Jakarta, Itmi.or.id – Jagat media sosial dihebohkan dengan beredarnya video yang memperlihatkan tantangan membaca atau menghafalkan Surah Ad-Dhuha dengan imbalan minuman beralkohol.
Peristiwa tersebut terjadi di salah satu booth sponsor dalam festival musik The Sounds Project 2026 di Ancol, Jakarta Utara, Ahad (9/8/2026).
Berdasarkan penelusuran dari sejumlah pemberitaan dan keterangan resmi yang beredar hingga Rabu (12/8/2026), polemik bermula setelah pengalaman seorang pengunjung diunggah melalui akun Threads @JARRKOJARR. Unggahan itu kemudian menyebar luas dan memicu kecaman karena bacaan ayat Al-Qur’an dikaitkan dengan pemberian minuman beralkohol.
Video yang beredar memperlihatkan aktivitas promosi di booth minuman beralkohol Newport. Seorang pengunjung mengikuti tantangan dengan membacakan Surah Ad-Dhuha untuk memperoleh produk minuman tersebut.
Polemik pun berkembang. Persoalannya bukan semata keberadaan produk minuman beralkohol dalam festival musik, melainkan penggunaan bacaan Al-Qur’an sebagai bagian dari aktivitas promosi produk tersebut.
Majelis Ulama Indonesia (MUI) turut bereaksi terhadap video yang beredar.
Ketua MUI Bidang Fatwa Prof. KH Asrorun Ni’am Sholeh menilai tantangan menghafalkan Surah Ad-Dhuha demi memperoleh minuman beralkohol merupakan tindakan yang bertentangan dengan nilai agama dan moral.
MUI menilai Al-Qur’an merupakan kitab suci yang harus dimuliakan dan tidak selayaknya digunakan sebagai instrumen promosi untuk sesuatu yang diharamkan dalam ajaran Islam. MUI menyebut tindakan tersebut sebagai bentuk merendahkan kesucian Al-Qur’an.
MUI kemudian meminta aparat kepolisian menelusuri peristiwa tersebut untuk memastikan duduk perkara dan kemungkinan adanya pelanggaran hukum.
The Sounds Project Sampaikan Klarifikasi
Penyelenggara The Sounds Project akhirnya angkat bicara setelah video tersebut menuai reaksi luas.
Melalui pernyataan resmi yang disampaikan pada Selasa (11/8/2026), penyelenggara menyatakan aktivitas tersebut dilakukan di area booth sponsor dan bukan merupakan program maupun aktivitas yang dirancang oleh The Sounds Project.

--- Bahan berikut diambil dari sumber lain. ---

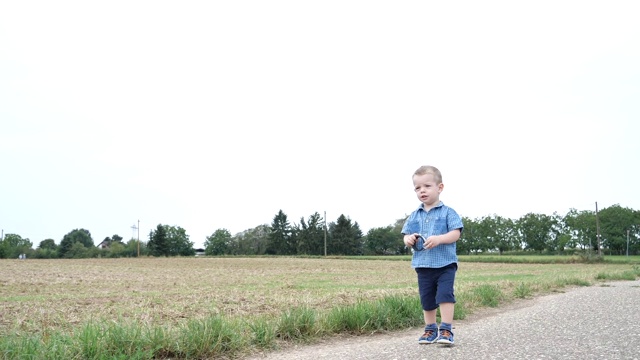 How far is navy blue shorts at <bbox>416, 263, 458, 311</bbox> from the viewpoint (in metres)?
5.31

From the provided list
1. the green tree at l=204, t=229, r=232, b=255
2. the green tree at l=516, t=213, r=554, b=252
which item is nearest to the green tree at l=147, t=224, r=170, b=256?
the green tree at l=204, t=229, r=232, b=255

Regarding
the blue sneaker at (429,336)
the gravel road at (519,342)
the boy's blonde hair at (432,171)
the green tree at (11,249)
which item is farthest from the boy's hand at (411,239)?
the green tree at (11,249)

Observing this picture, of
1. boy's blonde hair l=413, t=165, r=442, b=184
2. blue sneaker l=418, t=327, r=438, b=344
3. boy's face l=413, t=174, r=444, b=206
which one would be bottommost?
blue sneaker l=418, t=327, r=438, b=344

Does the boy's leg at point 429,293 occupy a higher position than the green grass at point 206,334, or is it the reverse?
the boy's leg at point 429,293

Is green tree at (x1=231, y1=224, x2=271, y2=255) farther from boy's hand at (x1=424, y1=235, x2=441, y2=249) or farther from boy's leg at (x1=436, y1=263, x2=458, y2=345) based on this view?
boy's hand at (x1=424, y1=235, x2=441, y2=249)

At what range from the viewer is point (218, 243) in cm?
14438

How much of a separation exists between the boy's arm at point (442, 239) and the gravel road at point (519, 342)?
93 centimetres

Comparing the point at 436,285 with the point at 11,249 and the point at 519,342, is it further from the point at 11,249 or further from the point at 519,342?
the point at 11,249

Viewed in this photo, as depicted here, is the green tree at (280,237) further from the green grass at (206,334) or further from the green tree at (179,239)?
the green grass at (206,334)

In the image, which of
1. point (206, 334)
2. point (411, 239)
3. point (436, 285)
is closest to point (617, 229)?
point (436, 285)

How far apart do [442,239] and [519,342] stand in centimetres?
117

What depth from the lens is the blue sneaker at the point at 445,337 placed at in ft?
16.5

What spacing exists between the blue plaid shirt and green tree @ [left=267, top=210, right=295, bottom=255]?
109734mm

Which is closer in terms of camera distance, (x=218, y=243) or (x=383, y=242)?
(x=383, y=242) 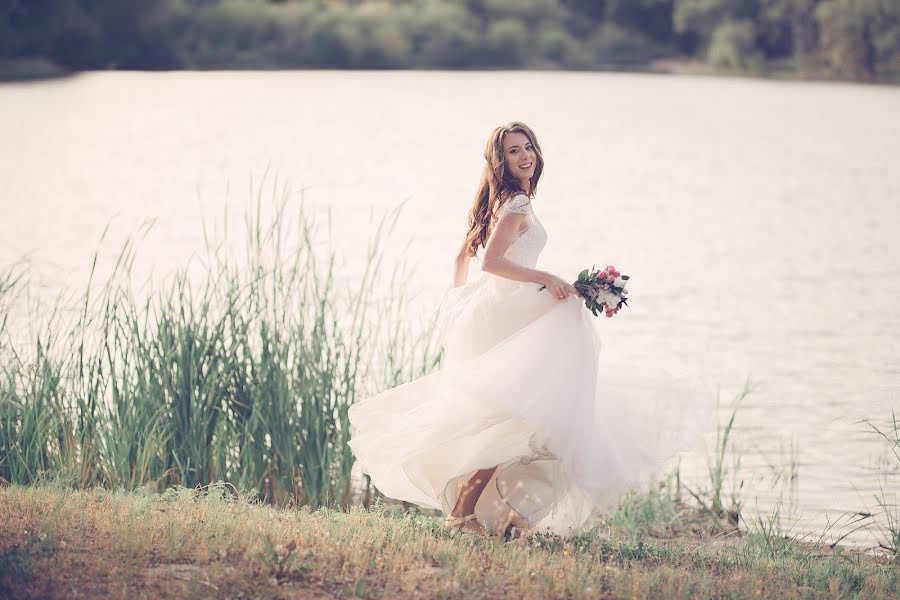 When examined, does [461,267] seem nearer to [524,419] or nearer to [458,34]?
[524,419]

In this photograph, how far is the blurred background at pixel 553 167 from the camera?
9414 millimetres

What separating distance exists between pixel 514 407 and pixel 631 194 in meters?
23.0

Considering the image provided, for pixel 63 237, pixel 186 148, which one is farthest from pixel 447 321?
pixel 186 148

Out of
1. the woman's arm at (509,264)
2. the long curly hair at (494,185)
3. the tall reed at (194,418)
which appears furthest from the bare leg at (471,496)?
the tall reed at (194,418)

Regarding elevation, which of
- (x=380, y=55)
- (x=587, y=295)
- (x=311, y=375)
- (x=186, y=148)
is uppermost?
(x=380, y=55)

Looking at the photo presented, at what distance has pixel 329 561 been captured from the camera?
442 centimetres

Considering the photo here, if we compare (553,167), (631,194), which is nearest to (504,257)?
(631,194)

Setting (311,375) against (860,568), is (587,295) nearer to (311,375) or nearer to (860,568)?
(860,568)

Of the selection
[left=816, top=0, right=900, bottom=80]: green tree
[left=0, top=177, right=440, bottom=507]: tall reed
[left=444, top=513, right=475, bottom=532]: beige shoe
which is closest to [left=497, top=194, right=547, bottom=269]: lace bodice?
[left=444, top=513, right=475, bottom=532]: beige shoe

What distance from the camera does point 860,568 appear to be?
505 centimetres

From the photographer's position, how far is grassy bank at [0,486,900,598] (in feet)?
13.6

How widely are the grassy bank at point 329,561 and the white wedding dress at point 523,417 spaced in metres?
0.19

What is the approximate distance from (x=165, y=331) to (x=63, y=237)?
43.4 feet

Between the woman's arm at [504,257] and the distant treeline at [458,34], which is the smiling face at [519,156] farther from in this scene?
the distant treeline at [458,34] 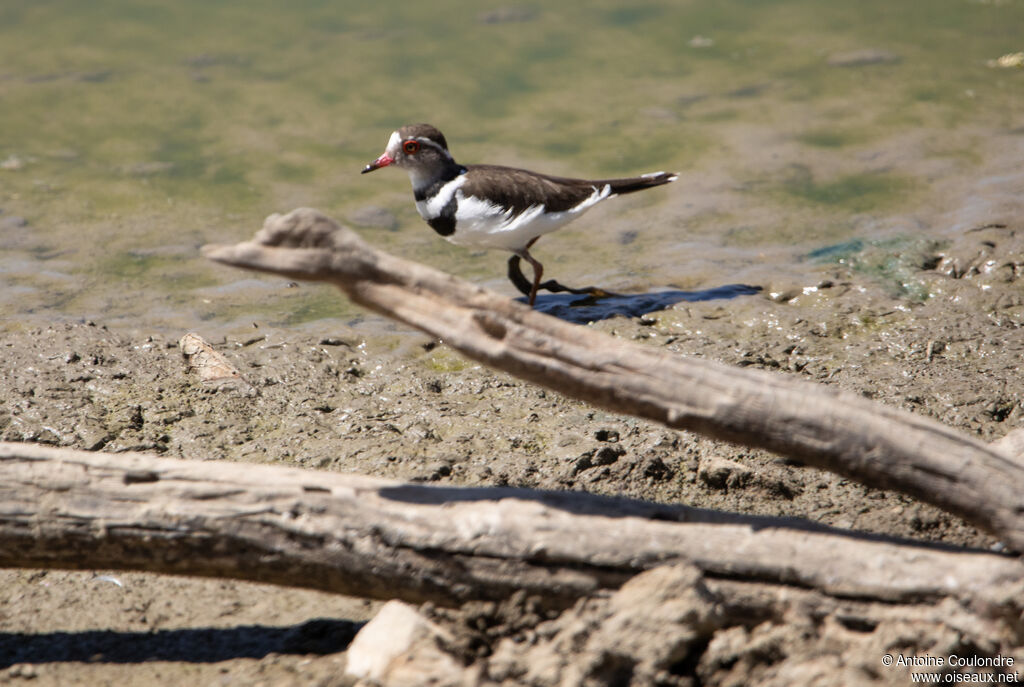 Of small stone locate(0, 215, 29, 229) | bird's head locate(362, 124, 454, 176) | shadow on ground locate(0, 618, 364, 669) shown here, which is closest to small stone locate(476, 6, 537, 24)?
bird's head locate(362, 124, 454, 176)

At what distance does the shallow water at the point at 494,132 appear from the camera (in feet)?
20.8

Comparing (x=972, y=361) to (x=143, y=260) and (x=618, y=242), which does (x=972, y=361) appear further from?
(x=143, y=260)

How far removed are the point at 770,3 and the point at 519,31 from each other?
3392 millimetres

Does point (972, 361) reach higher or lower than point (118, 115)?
lower

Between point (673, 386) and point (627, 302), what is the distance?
307 cm

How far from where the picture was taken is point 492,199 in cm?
574

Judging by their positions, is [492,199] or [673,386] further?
[492,199]

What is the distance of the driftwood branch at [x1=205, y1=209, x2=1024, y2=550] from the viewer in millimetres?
2650

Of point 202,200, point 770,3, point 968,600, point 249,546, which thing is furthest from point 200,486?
point 770,3

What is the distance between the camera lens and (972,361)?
15.6 ft

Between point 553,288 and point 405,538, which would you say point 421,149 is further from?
point 405,538

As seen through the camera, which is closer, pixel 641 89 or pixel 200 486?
pixel 200 486

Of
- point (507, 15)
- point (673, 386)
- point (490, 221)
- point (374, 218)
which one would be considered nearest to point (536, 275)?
point (490, 221)

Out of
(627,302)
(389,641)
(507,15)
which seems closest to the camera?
(389,641) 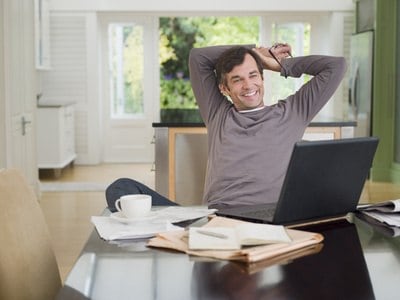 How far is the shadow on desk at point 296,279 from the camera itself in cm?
117

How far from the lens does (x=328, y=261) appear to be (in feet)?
4.51

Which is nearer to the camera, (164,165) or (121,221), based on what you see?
(121,221)

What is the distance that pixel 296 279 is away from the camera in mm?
1245

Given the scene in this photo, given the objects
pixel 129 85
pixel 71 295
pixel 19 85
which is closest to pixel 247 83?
pixel 71 295

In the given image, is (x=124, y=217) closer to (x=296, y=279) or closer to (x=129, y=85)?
(x=296, y=279)

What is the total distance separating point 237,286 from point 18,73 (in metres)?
5.15

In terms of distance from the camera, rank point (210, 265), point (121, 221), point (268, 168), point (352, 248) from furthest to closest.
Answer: point (268, 168)
point (121, 221)
point (352, 248)
point (210, 265)

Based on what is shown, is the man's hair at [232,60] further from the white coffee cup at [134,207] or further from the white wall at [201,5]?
the white wall at [201,5]

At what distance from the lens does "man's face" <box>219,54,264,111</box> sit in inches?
96.7

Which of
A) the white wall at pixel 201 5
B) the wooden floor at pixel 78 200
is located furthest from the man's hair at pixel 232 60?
the white wall at pixel 201 5

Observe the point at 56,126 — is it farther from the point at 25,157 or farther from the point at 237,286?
the point at 237,286

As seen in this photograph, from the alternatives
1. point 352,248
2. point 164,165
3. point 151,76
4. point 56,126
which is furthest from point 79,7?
point 352,248

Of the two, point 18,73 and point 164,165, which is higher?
point 18,73

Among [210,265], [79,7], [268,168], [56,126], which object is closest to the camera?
[210,265] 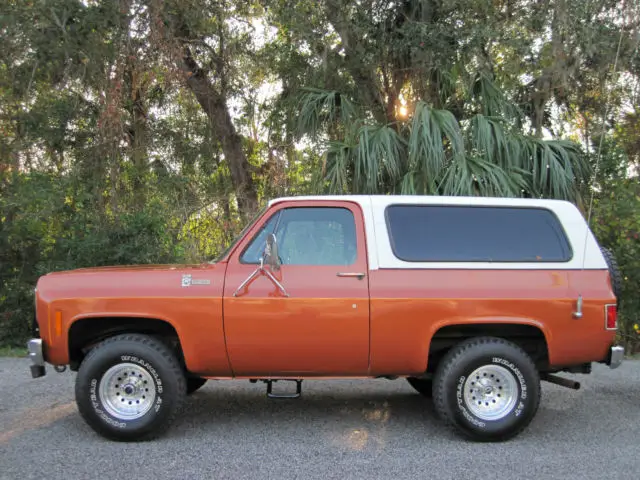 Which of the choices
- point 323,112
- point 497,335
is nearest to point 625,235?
point 497,335

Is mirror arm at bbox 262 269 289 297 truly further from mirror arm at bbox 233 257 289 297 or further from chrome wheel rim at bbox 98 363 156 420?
chrome wheel rim at bbox 98 363 156 420

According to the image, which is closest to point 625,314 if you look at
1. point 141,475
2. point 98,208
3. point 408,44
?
point 408,44

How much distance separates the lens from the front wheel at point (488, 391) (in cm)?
516

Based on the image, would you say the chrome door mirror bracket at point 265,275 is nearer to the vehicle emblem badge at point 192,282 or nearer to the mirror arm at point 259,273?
the mirror arm at point 259,273

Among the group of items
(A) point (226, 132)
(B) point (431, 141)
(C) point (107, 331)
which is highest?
(A) point (226, 132)

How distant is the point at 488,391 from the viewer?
526 cm

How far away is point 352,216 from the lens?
5438 mm

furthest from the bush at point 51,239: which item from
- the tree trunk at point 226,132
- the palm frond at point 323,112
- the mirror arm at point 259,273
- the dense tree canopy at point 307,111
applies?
the mirror arm at point 259,273

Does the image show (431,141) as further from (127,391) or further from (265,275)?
(127,391)

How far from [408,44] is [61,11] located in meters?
5.56

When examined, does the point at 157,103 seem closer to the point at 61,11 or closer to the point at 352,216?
the point at 61,11

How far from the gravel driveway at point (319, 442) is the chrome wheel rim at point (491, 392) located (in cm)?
27

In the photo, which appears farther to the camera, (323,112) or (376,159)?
(323,112)

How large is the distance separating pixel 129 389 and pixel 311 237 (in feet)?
6.25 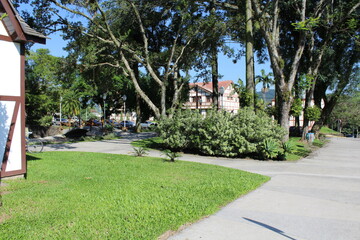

Penyelenggara menyatakan tidak mengetahui dan tidak memberikan persetujuan sebelumnya terhadap aktivitas tersebut. The Sounds Project juga menegaskan bahwa kegiatan yang menyinggung nilai agama tidak sejalan dengan nilai yang mereka pegang.
Pihak penyelenggara menyampaikan permohonan maaf kepada masyarakat yang merasa tersinggung dan menyatakan telah memberikan teguran kepada pihak sponsor terkait.
Jadi Sorotan karena Membawa Ayat Suci ke Dalam Promosi Miras
Kasus tersebut kemudian berkembang menjadi perbincangan mengenai batas kreativitas dalam kegiatan promosi.
Penggunaan Surah Ad-Dhuha sebagai tantangan untuk memperoleh minuman beralkohol dinilai berbeda dari sekadar strategi pemasaran yang kontroversial. Di dalamnya terdapat penggunaan bagian dari kitab suci umat Islam yang ditempatkan dalam konteks promosi produk yang dalam ajaran Islam dilarang untuk dikonsumsi.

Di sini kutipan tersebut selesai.